De nos jours, la danse emprunte à certaines techniques circassiennes. Le cirque, lui, inclut des échanges de plus en plus chorégraphiés. Avec Triptyque, Les 7 doigts de la main prouvent que les deux peuvent coexister dans un même spectacle. Fusion magique.

Anne et Samuel

Cette première partie signée Marie Chouinard représente une excellente introduction à un spectacle où la danse et le cirque perdent leurs marques et leurs repères pour se fondre, au moins en partie, l'un dans l'autre.

Anne Plamondon est ligotée à un trapèze fixe lorsque Samuel Tétreault entre en scène à l'aide de béquilles. Il la libère de ses cordes, elle lui enlèvera son masque. Les deux s'aideront mutuellement pour finir par apprendre à marcher, voire à s'aimer.

Marie Chouinard les entraîne dans un ballet désarticulé, mais synchrone, où l'équilibrisme se fond subtilement dans la mise en scène et où la danse sied parfaitement à un artiste circassien, Samuel Tétreault, d'une grande finesse.

En symbiose avec une très belle trame musicale de Louis Dufort, ce duo offre de belles images de sensualité et de poésie gestuelle.

Variations 9.81

La force gravitationnelle de la Terre a inspiré à Victor Quijada, du groupe RUBBERBANDance, une chorégraphie où cinq circassiens tentent de prendre leur envol. Pièce plus physique au degré de difficulté élevé qui exige des artistes de littéralement danser la tête en bas en équilibre sur une tige. Belle synchronicité et beau travail de groupe.

Le numéro manque toutefois de s'écraser lorsque les cinq artistes aux bras fatigués doivent exécuter une danse où les gestes manquent de naturel et de fluidité. Le rythme se brise dans ce trop long tableau.

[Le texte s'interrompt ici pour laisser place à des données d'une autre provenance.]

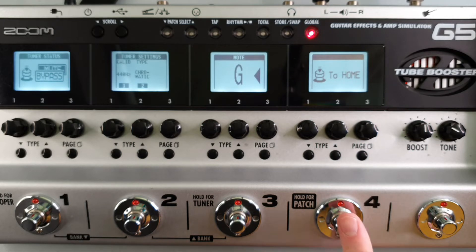When you're finished, press footswitch number 4 to go back to the previous screen.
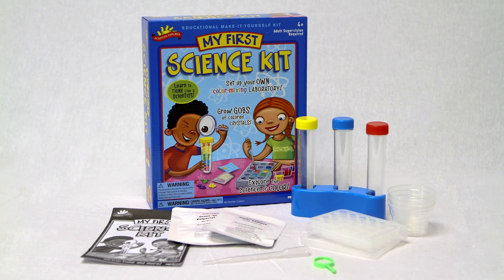Scientific Explorer's My First Science kit includes three color tablets, three mixing cups, three test tubes with caps, a color mixing tray, a magnifier, test tube stand, and an 11-page activity guide.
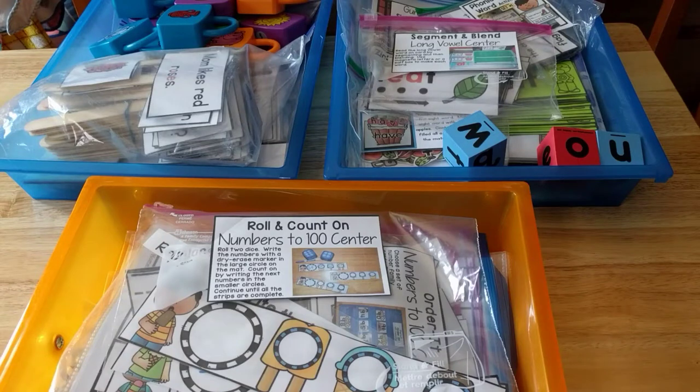Hey guys, Amanda here from Faithfully Homemade, and today I'm going to show you my first grader's work boxes for week four of homeschool. I don't have a ton of things to show you this week because we have some field trips and things that we're doing, so we won't be needing that much. But I will show you what I have, and let's get into it.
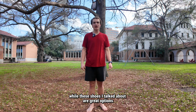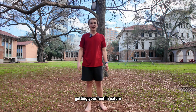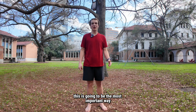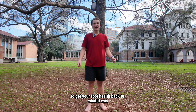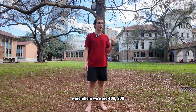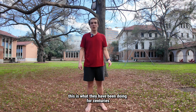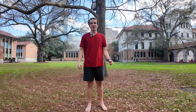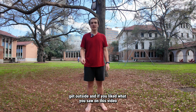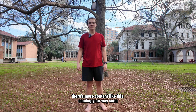While the shoes I talked about are great options, the best option is getting outside and being barefoot — getting your feet in nature, regulating your circadian rhythm naturally. This is going to be the most important way to get your foot health back to what it was 100, 200, or 300 years ago. This is what people have been doing for centuries, so don't overcomplicate it. Get outside. If you liked what you saw in this video, like and subscribe — there's more content like this coming your way soon.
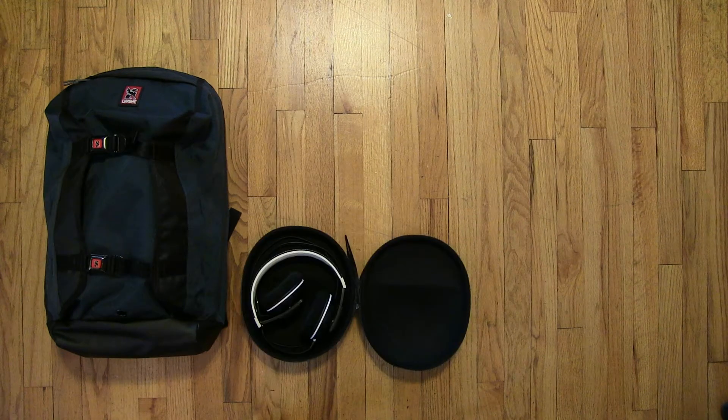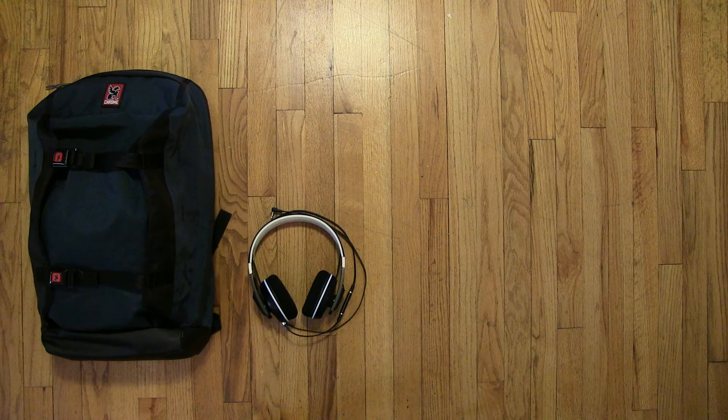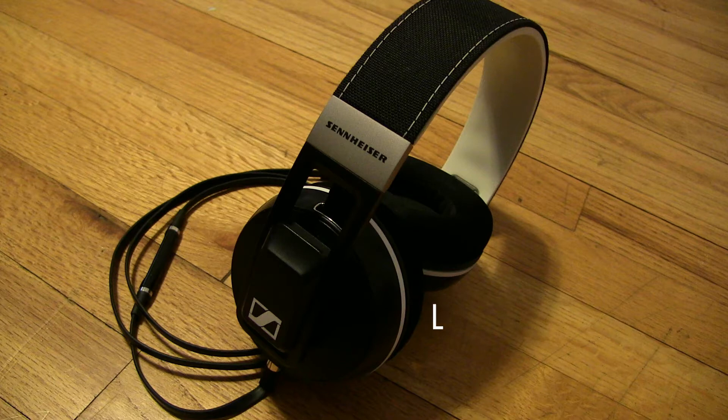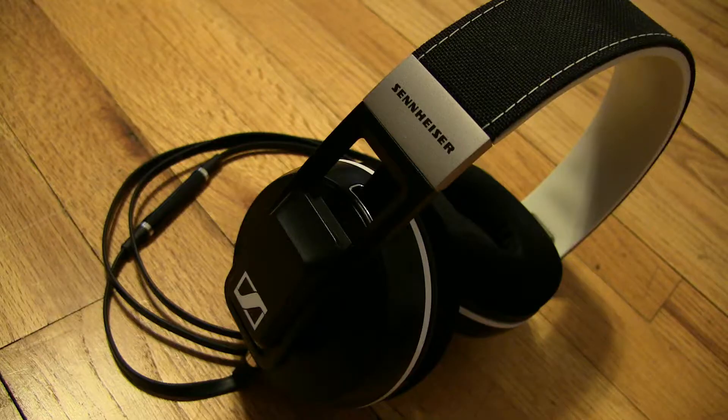The headphones I use have to work in multiple scenarios. I use these for everything from recording monitors and aids in transcription to personal enjoyment. The Sennheiser Urbanite XL over-ear headphones are ideal because they offer substantial isolation and, despite being a little heavy on the low end, they provide a clear response across the spectrum.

Mais ces Variations démontrent tout de même la polyvalence de circassiens à la fois d'une grande force athlétique et d'une souplesse de tous les instants.

Nocturnes

Aussi longue que les deux premières, la troisième partie du spectacle rassemble les huit artistes sous la direction de Marcos Morau qui a créé un rêve en blanc sur noir, aux accents surréalistes, souvent drôle.

On y verra un lit qui vole, des humains à tête de poisson, des boules de cristal ultralégères, un asile de fous pas furieux du tout qui rappelle un peu l'atmosphère du spectacle Psy de la même troupe.

Cette pièce vaut, en fait, à elle seule le coût du spectacle. Deux numéros retiennent tout de même l'attention: la corde lisse et le lit d'où sortent des mains qui participent à une danse acrobatique.

Originalité, homogénéité, poésie, magie. Quoique tous proposent de très beaux moments, le couple du début, Samuel Tétreault et Anne Plamondon, est véritablement la vedette de ce spectacle qui démontre que le mariage cirque-danse est des plus prometteurs.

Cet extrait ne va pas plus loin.